• Problem to work on
Write out each record exactly as given, but do not include the pictures.
────────────────────
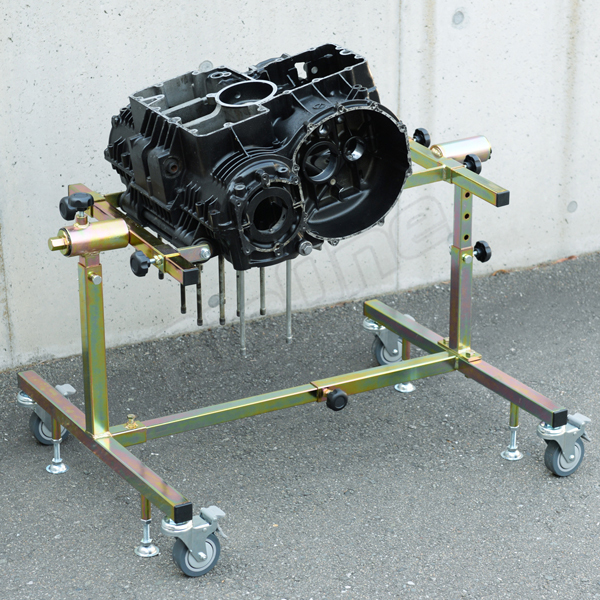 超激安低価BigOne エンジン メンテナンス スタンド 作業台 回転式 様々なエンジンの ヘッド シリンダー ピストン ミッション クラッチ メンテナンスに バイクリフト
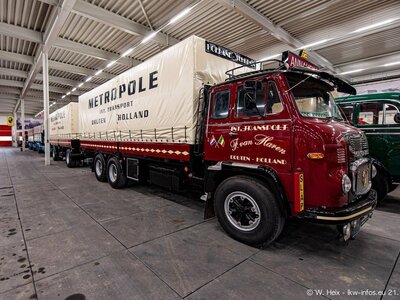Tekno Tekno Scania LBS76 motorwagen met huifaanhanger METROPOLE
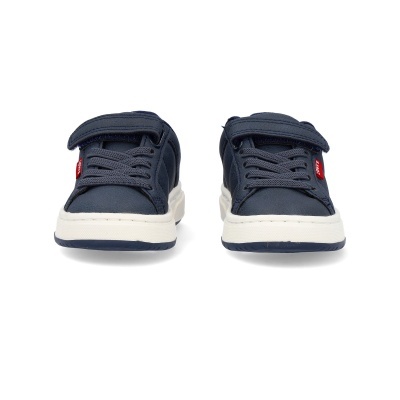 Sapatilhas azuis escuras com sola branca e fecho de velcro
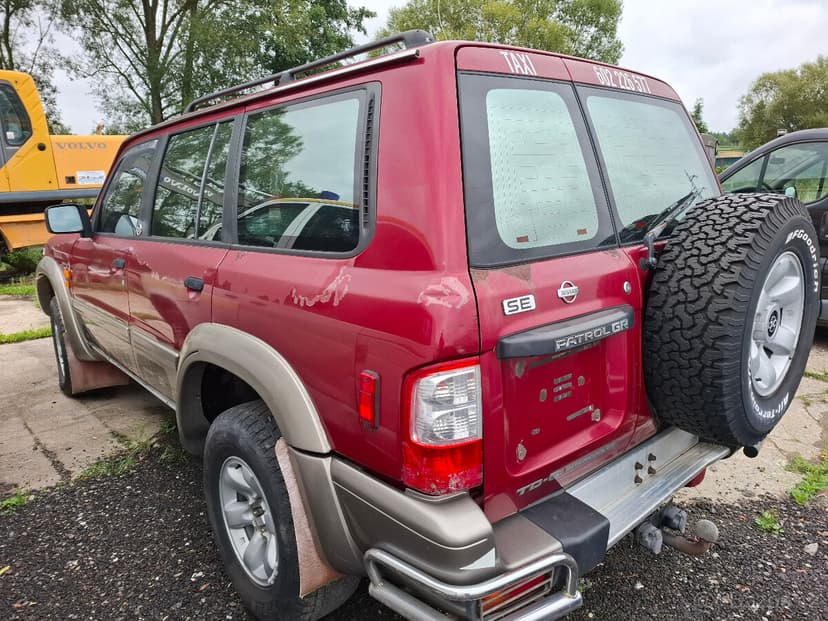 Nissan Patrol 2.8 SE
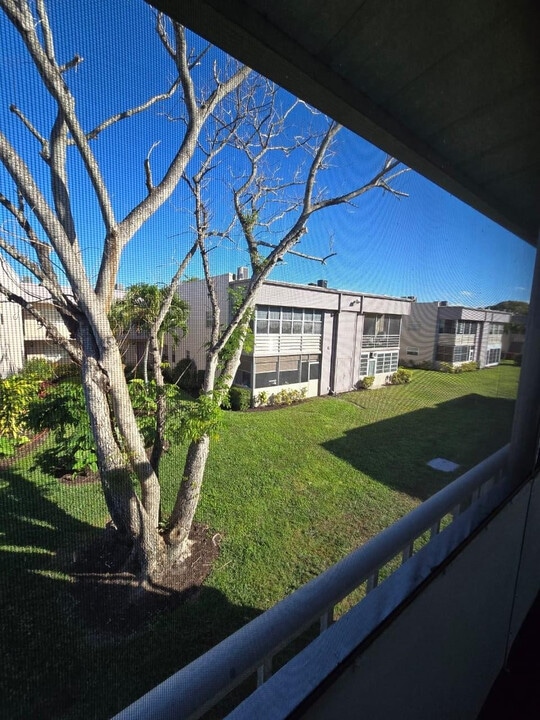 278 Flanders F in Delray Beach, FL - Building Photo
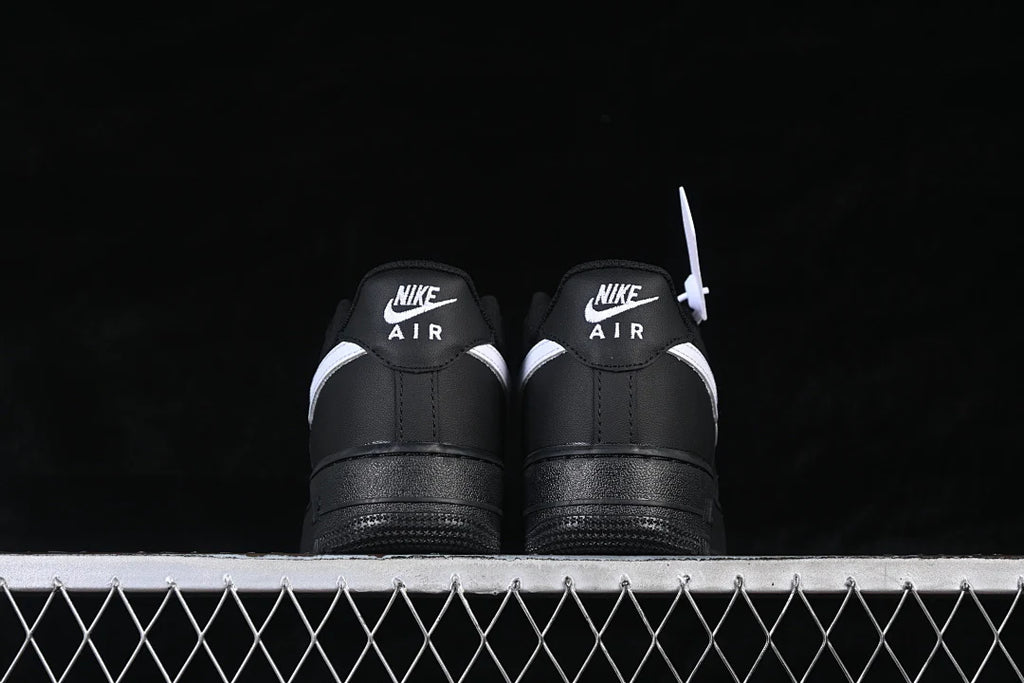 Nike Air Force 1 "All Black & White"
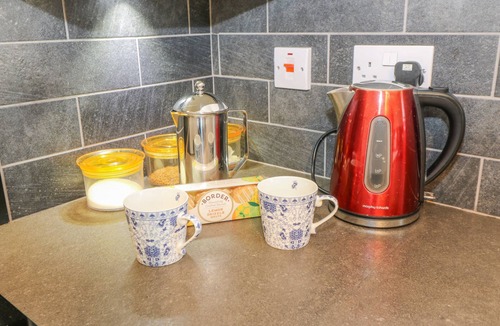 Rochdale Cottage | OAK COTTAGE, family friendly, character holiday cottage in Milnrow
────────────────────
• Finished exercise
 超激安低価BigOne エンジン メンテナンス スタンド 作業台 回転式 様々なエンジンの ヘッド シリンダー ピストン ミッション クラッチ メンテナンスに バイクリフト
Tekno Tekno Scania LBS76 motorwagen met huifaanhanger METROPOLE
 Sapatilhas azuis escuras com sola branca e fecho de velcro
 Nissan Patrol 2.8 SE
 278 Flanders F in Delray Beach, FL - Building Photo
 Nike Air Force 1 "All Black & White"
 Rochdale Cottage | OAK COTTAGE, family friendly, character holiday cottage in Milnrow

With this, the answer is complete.